Cloud computing changed the required skills for software engineers and system administrators. IT departments that didn’t continuously researched and adopted new technologies are usually caught off-guard when they decide to “move to the cloud”. A cloud native IT department requires new skills as the software they have will need refactoring and repackaging to run and take advantage of the new environment, the cloud. About those skills and responsibilities I'll be speaking in this article. Internally, we call this role the cloud native engineer*.
A cloud native engineer needs to take an application from a repository through a continuous integration and delivery pipeline. During this journey, she would make sure that the code builds, passes the tests, gets deployed safely and secure up to the to the production environment.
The list of relevant technologies in the cloud native context is overwhelming:
But don't worry, you don't need to know them all. You' can't either have "3+ years of production experience" as some naive recruiters would expect, because it's a very new field.
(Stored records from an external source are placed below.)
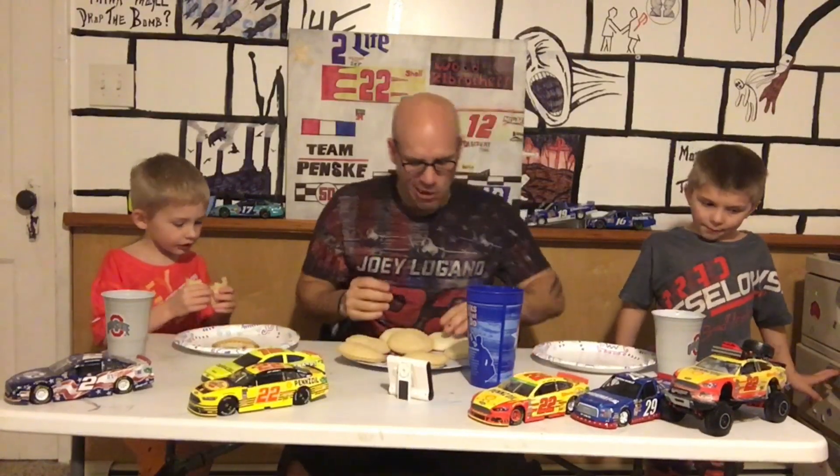Tell them what cars are on the table. Who's that? Joey Logano, number 12. I think this is Ryan Blaney — he's number two. Who's number 17? Uncle Flew's a fan of him.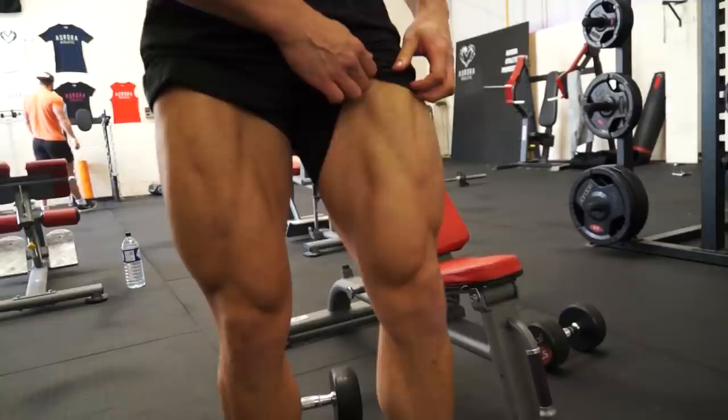Hey guys, it's Mike Thurston here and we are in Newcastle-upon-Tyne at the Aurora Athletic Studio. Today I'm going to take you through the first of my five-a-day workout, which is going to be legs.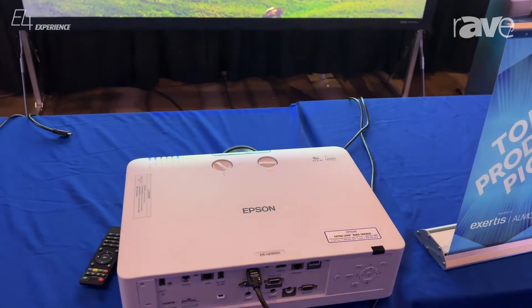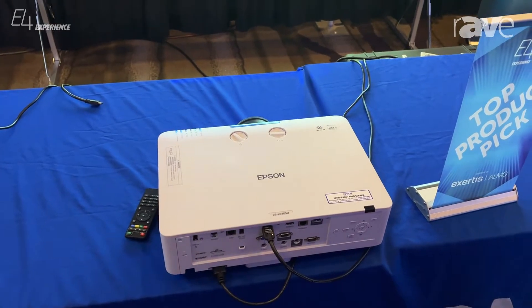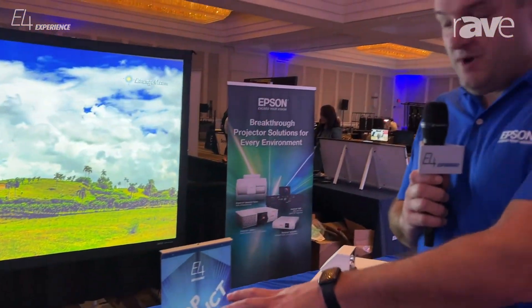It's part of a class of our PowerLight L series that ranges from 4,200 lumens all the way up to 7,000 in the same body and class. It has a sister projector, same size, 6,000 lumens, and a standard throw, which is a really great flagship product in that class.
By the way, there's another map for serverless.
So let’s go one by one over the required building blocks of every cloud project, the bread and butter of the cloud native engineer skillset**.
You'll need to figure out if you're dealing with a micro-service architecture or with a monolith. If you’re not assigned to a greenfield project, most of the time you’ll have to move a project from a monolith to microservices. Missing the knowledge about microservices? Check a microservice-demo app here: https://microservices-demo.github.io
To understand what microservices are all about, read Martin Fawler’s article on the subject. Sam Newman’s book is the “bible” in this domain.
Once you know with what type of architecture you’re dealing, you’ll need some basic understanding on how to run and build that project. If you need to adjust/debug the application, experience or familiarity with the programming language is required.
In the cloud native context, applications get delivered as containers (serverless is gaining traction as well). So you'll need to be able to understand and package applications into these new standards. My colleague’s (Adrian Mouat) Using Docker book is probably your best option for getting up to speed.
Once the code (both applications and infrastructure) is written, you will need to deploy it somewhere. Most of the "old" continuous integration tools are still alive and kicking and they've learned how to do continuous delivery. New tools are emerging, but it looks like Jenkins is still the standard, mainly due to poor alternatives. The CI tool will drive the entire delivery process, so designing a good pipeline will result in a better developer experience and faster response to failures/bugs. All types of tests and code quality tools will have to get integrated here as well.
If you package your application in containers you'll need to understand their lifecycle. Kubernetes is becoming the standard in this space, with managed solutions from all major cloud providers. Go over the basic tutorials or look for a training if you intend to go deeper into the subject, as this will be your new playground once the apps will get deployed.
OK, you have some application code that works. Your next step (for greenfield projects it’s the first step) is to build the infrastructure where that code will run. This involves a mix of managed services and writing code for the missing parts. Tools like Terraform, Cloud Formation, Ansible are the usual suspects in this area.
Monitoring plays a central role in a distributed system. The old tools didn’t manage to catch up with the new landscape, so you’ll need to look into SaaS solutions, the default services offered by your cloud, or rely on open source projects (like Prometheus/Grafana).
For most companies, the infrastructure will get replaced by an API, some credentials and a bill that will track the usage. Understanding of cloud computing primitives like compute units, databases, storage, network for whatever cloud/infrastructure provider you are using is mandatory. Understanding pricing for the new services will help you avoid nasty surprises at the end of the month.
Once your IT department implements those block, there are other areas that usually gain attention:
The shift to cloud computing reflects as well in the technical skills required to develop and operate the applications on this new platforms. Continuous learning is the only way you can keep up. If you can't do it at your current workplace, probably it's time to look for a new challenge somewhere else.
*The skillset and responsibility of this role are different than the Google’s Site Reliability Engineer role: “SRE is what happens when you ask a software engineer to design an operations team” - Benjamin Treynor Sloss - SRE Founder. The DevOps Engineer is a weird name/role that is too vague and always in flux to make comparisons, but it does overlap on some of the skills.
**While shorter than the cloud native landscape, this list is overwhelming as well. I initially assembled it for a colleague (hi Riccardo!) but it is useful for everybody who wants to make a career step in this direction. Most of the people will know the basics and have deep knowledge in a few areas that interest them most.